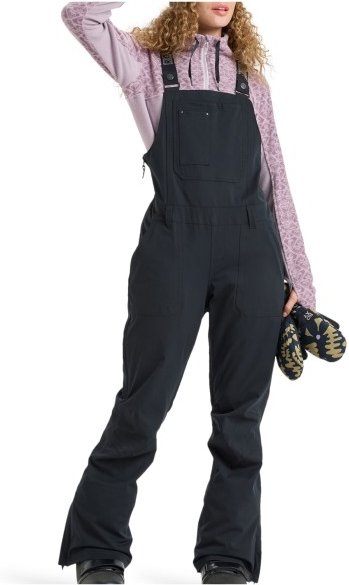 Thumbnail - Roxy - Women's Rideout Bib Pants - Skihose Gr XS bunt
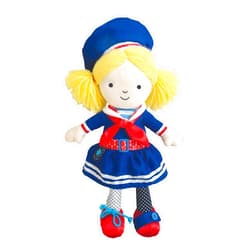 Manhattan Toy Dress up Friends Aimee Doll for Toddlers, 15
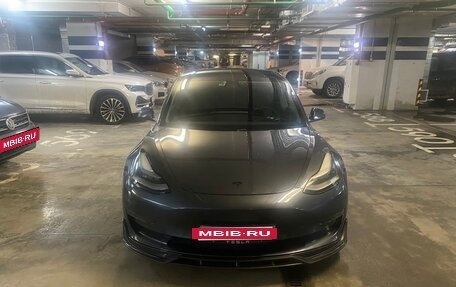 Tesla Model 3 I, 2020 год, 3 050 000 рублей, 2 фотография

□ □ □ □ □ □ □

▶ [Work to complete]
Set down nothing but the lines from the one containing "Manhattan Toy Dress" to the final line above, both included, with every picture left out.

▶ [Response to this exercise]
 Manhattan Toy Dress up Friends Aimee Doll for Toddlers, 15
 Tesla Model 3 I, 2020 год, 3 050 000 рублей, 2 фотография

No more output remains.